> [Your instructions]:
Produce a faithful copy of the data, one that leaves out the pictures.
======== Dataset section
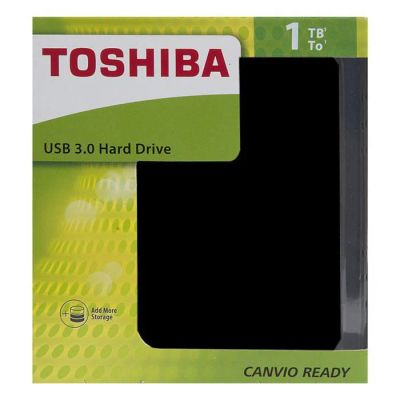 Лот: 7672181. Фото: 1. Внешний жесткий диск 2,5" Toshiba... Внешние жесткие диски
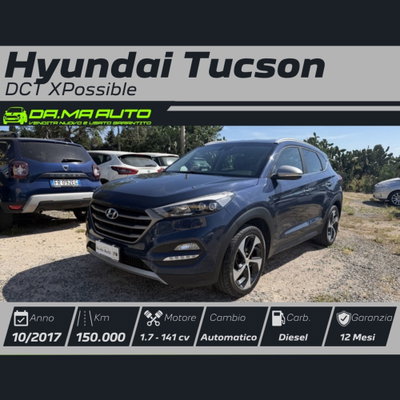 Hyundai Tucson 1.7 CRDi DCT XPossible usata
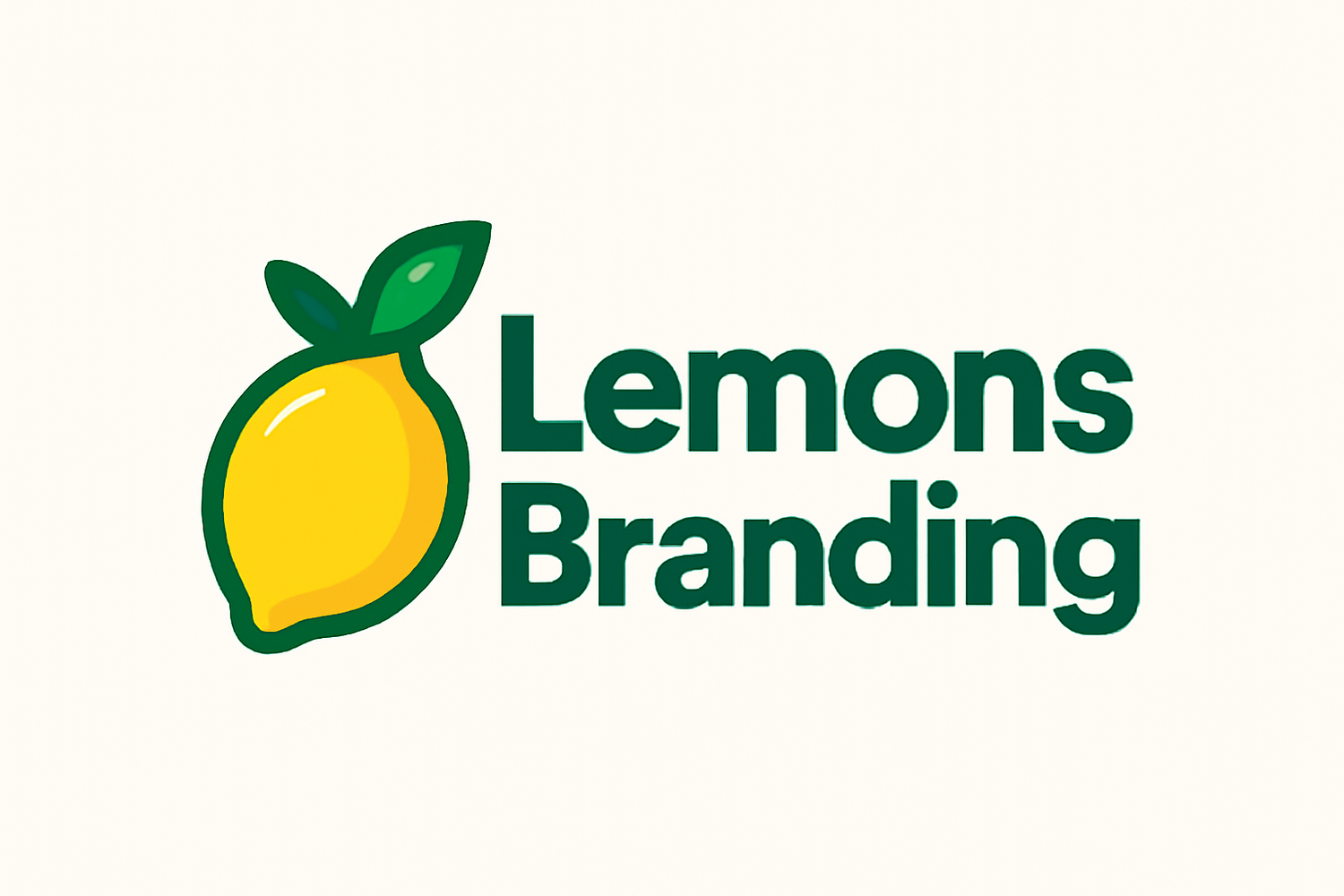 Lemons Branding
================
> [Your solution]:
 Лот: 7672181. Фото: 1. Внешний жесткий диск 2,5" Toshiba... Внешние жесткие диски
 Hyundai Tucson 1.7 CRDi DCT XPossible usata
 Lemons Branding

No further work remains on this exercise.